Le Grand Hymne à Aton est sans aucun doute la production littéraire la plus célèbre du règne d'Akhénaton, sa dimension poétique admirable, ses touchantes images naturalistes, en font l'un des textes les plus émouvants de la littérature égyptienne. Son contenu influença grandement, pour ne pas dire exclusivement, quelques siècles plus tard les rédacteurs de certains psaumes bibliques.

Quand à nouveau blanchit la terre, alors que tu te lèves en l'horizon, tu étincelles, ô Aton dans le jour. Tu repousses les ténèbres, tu donnes tes rayons, et le double pays est en liesse. Ceux qui dormaient s'éveillent, se dressent sur leurs pieds, car tu les fais se lever ; ils lavent leurs corps, prennent leurs vêtements, tandis que de leurs mains ils louent et acclament ta radieuse apparition ; et le pays entier accomplit ses travaux. Les animaux de toutes espèces se reposent sur leurs pâtures ; les arbres et les plantes reverdissent ; les oiseaux s'agitent dans leurs nids, tandis que leurs ailes, en se déployant, louent et acclament ton ka ; le petit bétail saute sur ses pieds.

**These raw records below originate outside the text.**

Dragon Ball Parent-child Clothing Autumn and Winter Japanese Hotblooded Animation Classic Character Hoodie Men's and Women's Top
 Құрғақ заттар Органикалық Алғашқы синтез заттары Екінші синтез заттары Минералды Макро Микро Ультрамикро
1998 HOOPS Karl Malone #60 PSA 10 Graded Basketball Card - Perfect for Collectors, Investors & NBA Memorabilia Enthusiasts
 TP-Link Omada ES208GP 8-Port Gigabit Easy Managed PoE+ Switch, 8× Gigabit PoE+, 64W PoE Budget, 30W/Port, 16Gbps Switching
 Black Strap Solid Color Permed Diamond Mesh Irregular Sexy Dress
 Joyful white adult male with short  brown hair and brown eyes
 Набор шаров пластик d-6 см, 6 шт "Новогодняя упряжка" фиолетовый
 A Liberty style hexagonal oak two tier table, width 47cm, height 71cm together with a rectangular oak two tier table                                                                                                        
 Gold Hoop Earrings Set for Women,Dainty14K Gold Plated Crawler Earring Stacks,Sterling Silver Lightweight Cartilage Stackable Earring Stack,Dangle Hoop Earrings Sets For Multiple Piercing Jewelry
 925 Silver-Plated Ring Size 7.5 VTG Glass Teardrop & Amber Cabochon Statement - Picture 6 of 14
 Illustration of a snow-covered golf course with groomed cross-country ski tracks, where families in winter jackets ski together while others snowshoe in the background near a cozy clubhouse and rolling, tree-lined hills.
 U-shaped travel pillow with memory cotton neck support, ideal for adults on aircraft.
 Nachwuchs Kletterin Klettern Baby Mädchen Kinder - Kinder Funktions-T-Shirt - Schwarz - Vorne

Tout ce qui vole et se pose vit, lorsque tu apparais. (...) Combien multiple est ton oeuvre cachée à la vue, ô dieu unique, auprès de qui il n'en existe point d'autre. Tu as fait la terre selon ton désir, alors que tu étais seul, ainsi que les hommes, tout le bétail, gros et petit, et tout ce qui marche avec des pieds sur le sol, et tout ce qui s'élève en volant avec des ailes, les pays de Syrie, le pays de Koush, et l'Egypte.
(extraits du Grand Hymne à Aton, Amarna, VI, pl. XXVII)

2-La restauration et le début de l'ère ramesside :

L'Horus, taureau puissant qui apparaît glorieux dans Thèbes et fait revivre le Double Pays ; le Nebty, celui de la renaissance dont le bras vaillant repousse les Neuf Arcs ; l'Horus d'Or, celui qui renouvelle les apparitions (divines) dont la puissance des arcs (l'emporte) dans tous les pays ; Celui du Jonc et de l'Abeille, Mèn-maât-Râ ; le Fils de Râ, Séthy (Ier) Mérè-èn-Pétéh.
(titulature de Séthy Ier)

Après la mort d'Akhénaton et le règne fantôme de Smenkhkarâ Ânkhkheperourâ que le roi hérétique avait uni à sa fille aînée Mérytaton, accède au trône un jeune prince élevé à la cour amarnienne nommé Toutânkhaton, qui épousa Ânkhesenpaaton, la troisième fille d'Akhénaton. Le nouveau souverain se détourna alors d'Aton et changea son nom en Toutânkamon "la vivante image d'Amon", tandis que son épouse devenait Ânkhesenamon "elle vit pour Amon". Pour marquer le renouveau du grand dieu thébain, Pharaon se fit introniser, vers 1335, au grand temple d'Amon-Râ à Karnak. Toutânkhamon établit un vaste programme pour réparer les destructions ordonnées par Akhénaton, restaurer le culte d'Amon et des autres dieux, nommer des prêtres, élever des monuments et des statues, comme en témoigne la stèle dite de la restauration : "Lorsque Sa Majesté apparut en roi, les temples des dieux et des déesses, depuis Eléphantine jusqu'aux marais du Delta étaient tombés en ruines ; leurs chapelles étaient dévastées, devenues des endroits déserts où poussaient les herbes. (...) Le pays était dans la détresse, car les dieux l'avaient abandonné. (...) Sa Majesté fit des monuments pour les dieux, façonnant leurs statues en or fin véritable du meilleur des déserts, restaurant leurs sanctuaires pour le temps éternel, les pourvoyant pour le temps infini." (Urk. IV, 2025-2032).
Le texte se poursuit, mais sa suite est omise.